Your task –
Write out the lines of the material below exactly, beginning at the line with "A minimalist white" and stopping after the line with "130 - Scotland", and leave out the pictures.

Information supplied –
▶
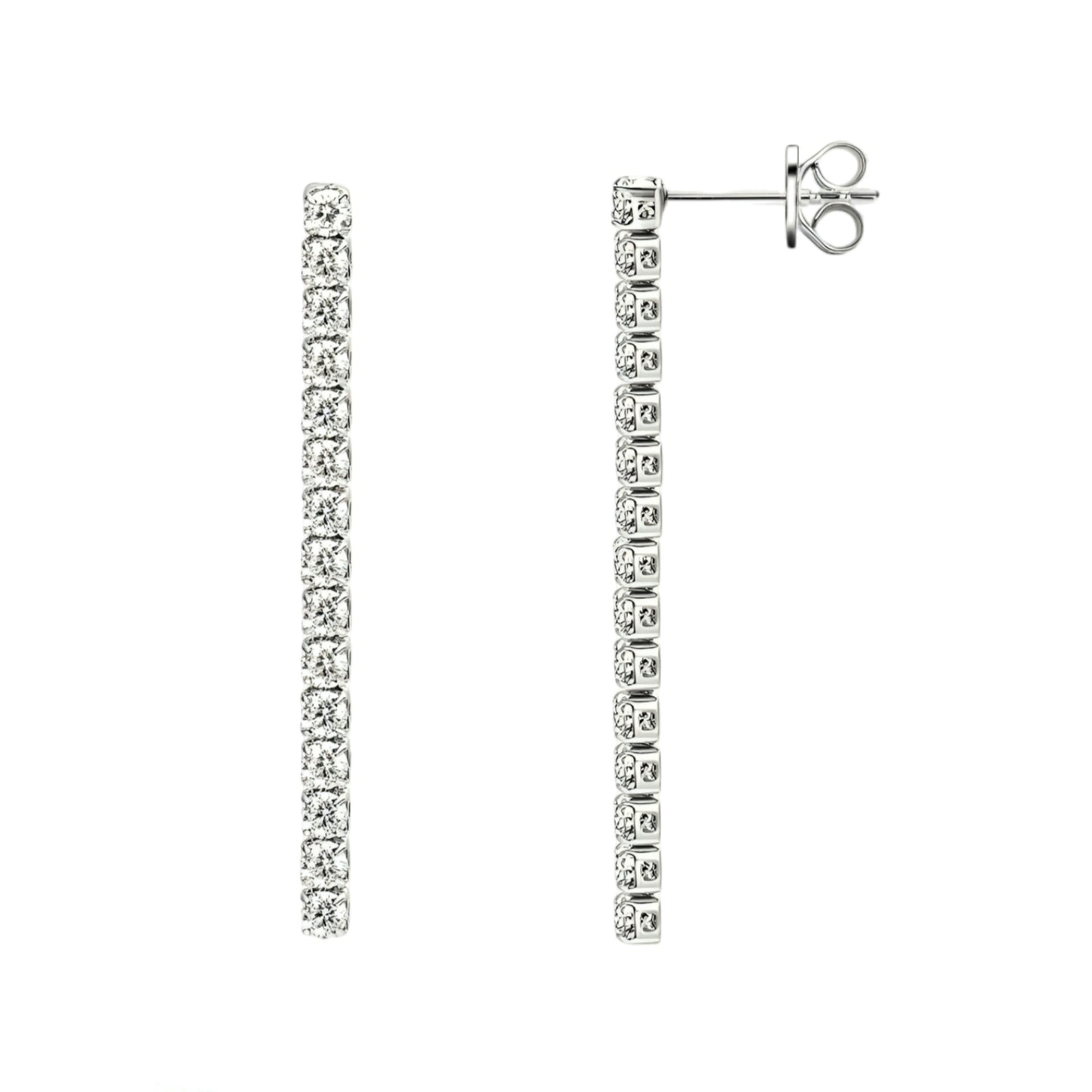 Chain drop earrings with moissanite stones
◀
▶
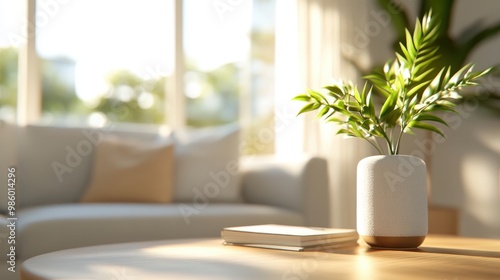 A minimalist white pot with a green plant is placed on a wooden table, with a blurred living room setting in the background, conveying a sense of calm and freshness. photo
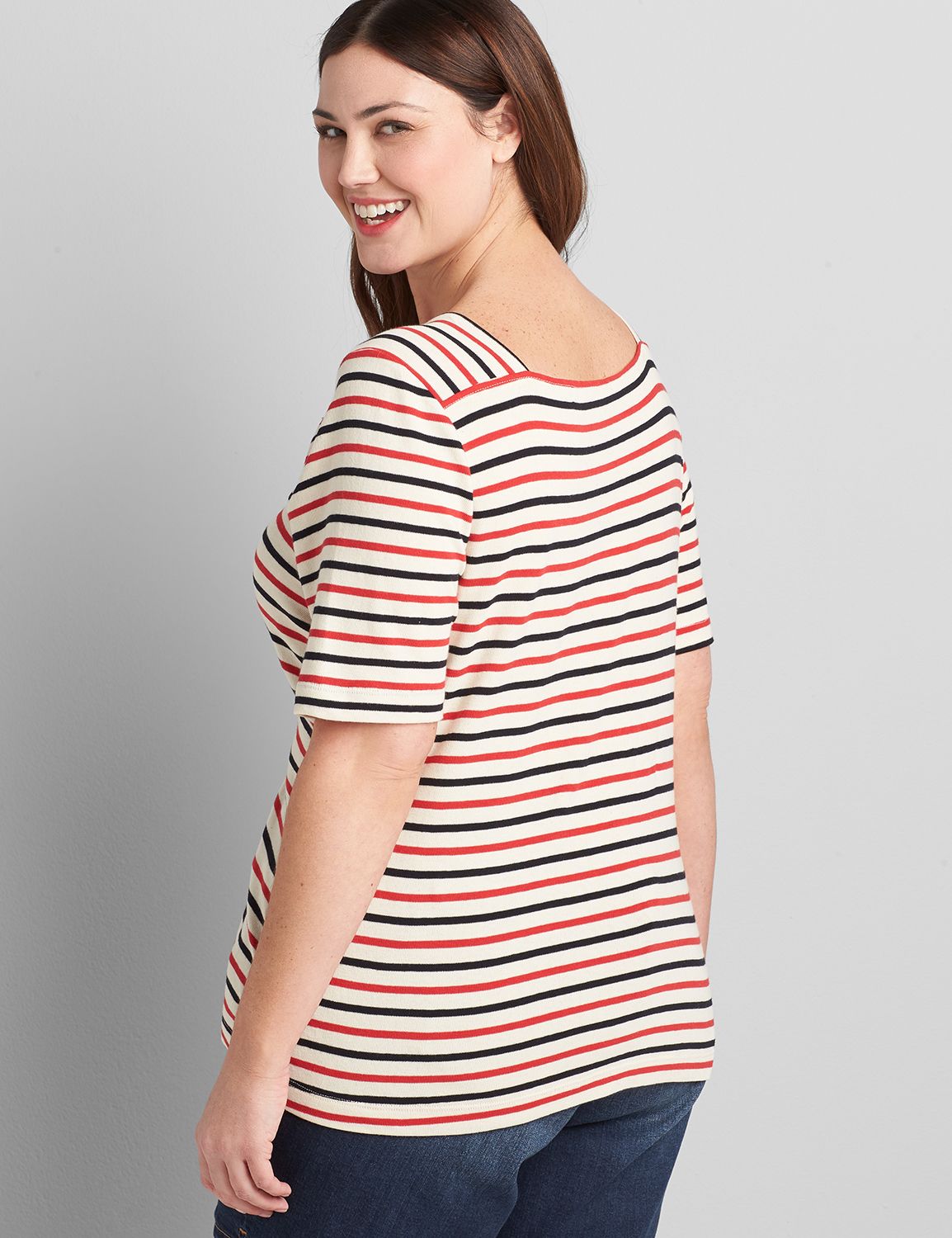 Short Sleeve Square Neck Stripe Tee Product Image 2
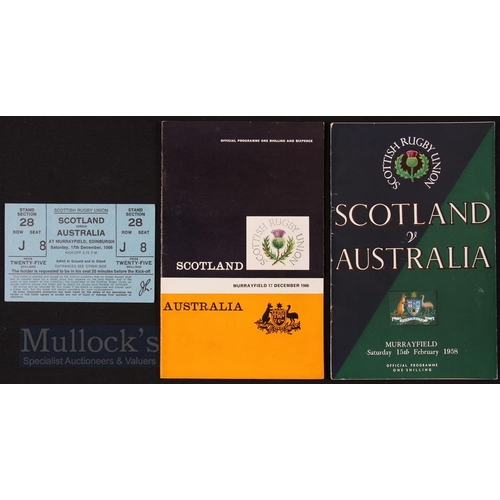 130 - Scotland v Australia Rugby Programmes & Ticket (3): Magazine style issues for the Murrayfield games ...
◀
Response to the task –
 A minimalist white pot with a green plant is placed on a wooden table, with a blurred living room setting in the background, conveying a sense of calm and freshness. photo
 Short Sleeve Square Neck Stripe Tee Product Image 2
 130 - Scotland v Australia Rugby Programmes & Ticket (3): Magazine style issues for the Murrayfield games ...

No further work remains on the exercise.